Qu'ils soient virtuels ou réels les instruments ont le mérite d'échapper à la collection de timbres traditionnelle. Ils sont le fruit d'une production artisanale qui prend le temps du sur mesures. Si le premier album d'Oli Azerti était essentiellement constitué de sons de la maison (son titre, Maison, est aussi le nom du label qui édite ses disques ainsi que ceux de Jî Mob, Malnoïa et Vadim Vernay), le nouveau, Jour de marché, souriant et sautillant, s'en échappe, là encore virtuellement, car cette évasion passe par les tuyaux d'Internet, se référant à la mémoire des machines, aux spams, à l'anglais de cuisine et au survol des news tournées en dérision. Mais si ses rythmiques aux connotations graphiques m'enchantent, les mélodies robotiques fredonnées par Anne Sigaud et Violette Valdes m'évoquent un vocodeur acoustique qui homogénéise l'ensemble en lui ôtant sa chair. Ne dansent plus alors que de petits squelettes sardoniques.

Chuchumuchu date d'il y a déjà deux ans. Pour Chapi Chapo et les petites musiques de pluie la manière de jouer d'instruments classiques n'est pas très différente des instruments-jouets utilisés dans tous les morceaux. Rien à voir pour autant avec, par exemple, les spectacles de Pascal Ayerbe destinés à un public d'enfants. Une forte mélancolie se dégage des rencontres de Pascal Elegoet avec les chanteurs Carbonic, Ray Rumours, Ootiskulf, G.W. Sok, GaBlé, Alice Dourlen, Gregaldur, John Trap (Solo) et les nombreux musiciens dont les polyinstrumentistes Klimperei et Sébastien Desloges, ainsi que Los Chidos, Bertrand Pennetier, Jean-Marc Le Droff, etc. Le rock progressif des Seventies est passé à la moulinette bretonne pour accoucher d'un minimalisme anglophone aux effluves de Robert Wyatt. Le nom du projet laisse entendre une approche lénifiante loin de sa réalité.

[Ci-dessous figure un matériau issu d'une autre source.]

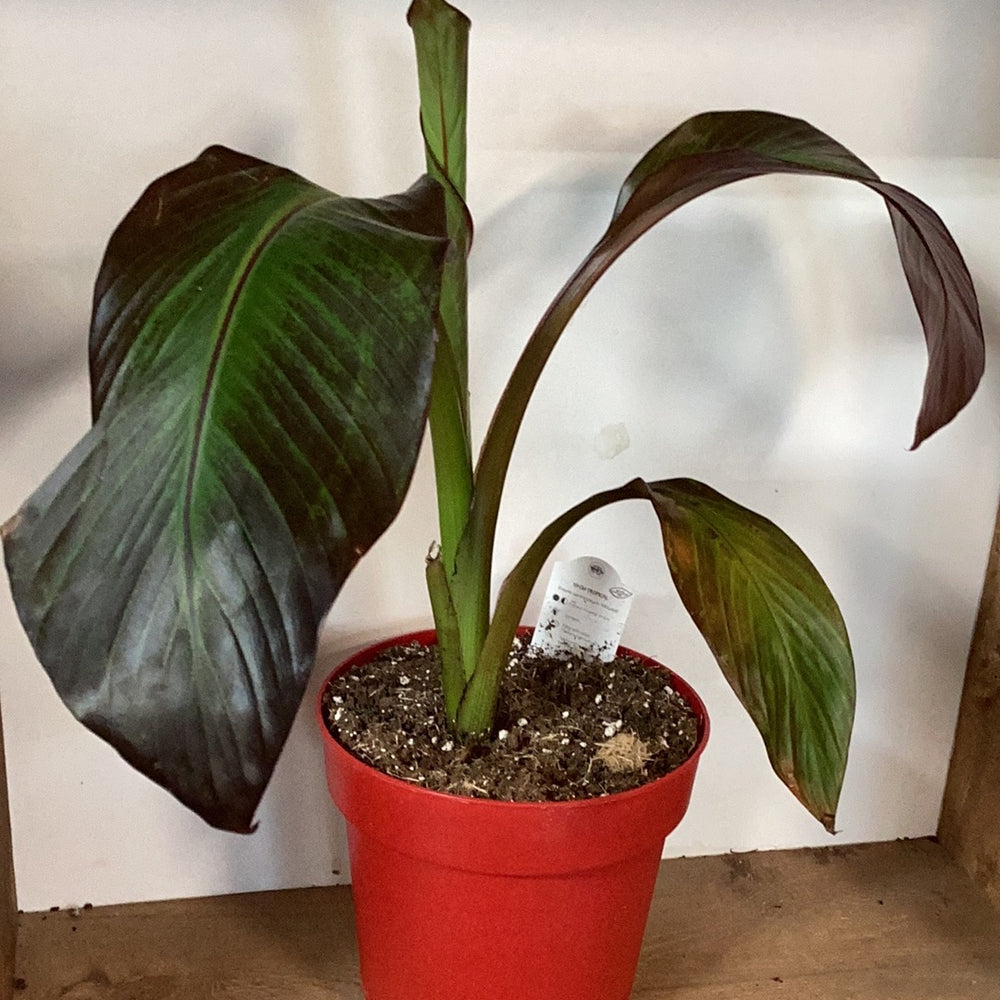 Ensete ventricosum - Red Abyssinian Banana Tree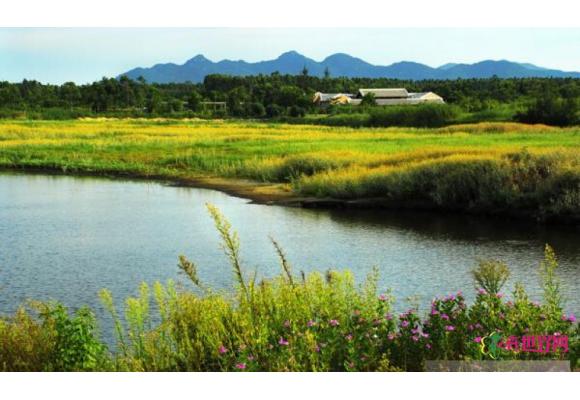 海南岛湿地有5类25型 总面积达32万公顷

Pour ces compositeurs, auxquels je m'associe sur ce point, les jouets sont utilisés comme instruments à part entière et les instruments, électroniques, électriques ou acoustiques, sont joués par des adultes qui n'ont pas renoncé à la part d'enfance indispensable à tout musicien qui résiste à vendre son âme (qu'abrite le violon de L'Histoire du Soldat de Stravinski) au diable, sirène vicieuse représentée par la mode et l'appât du gain, la vanité ou la routine, l'amertume ou le succès.

N.B. : Pascal Ayerbe, Patrice Elegoet et moi-même participons à L'atelier du son, émission de Thomas Baumgartner consacrée au petit piano Michelsonne et diffusée sur France Culture le 11/11/11 à 11 heures du soir.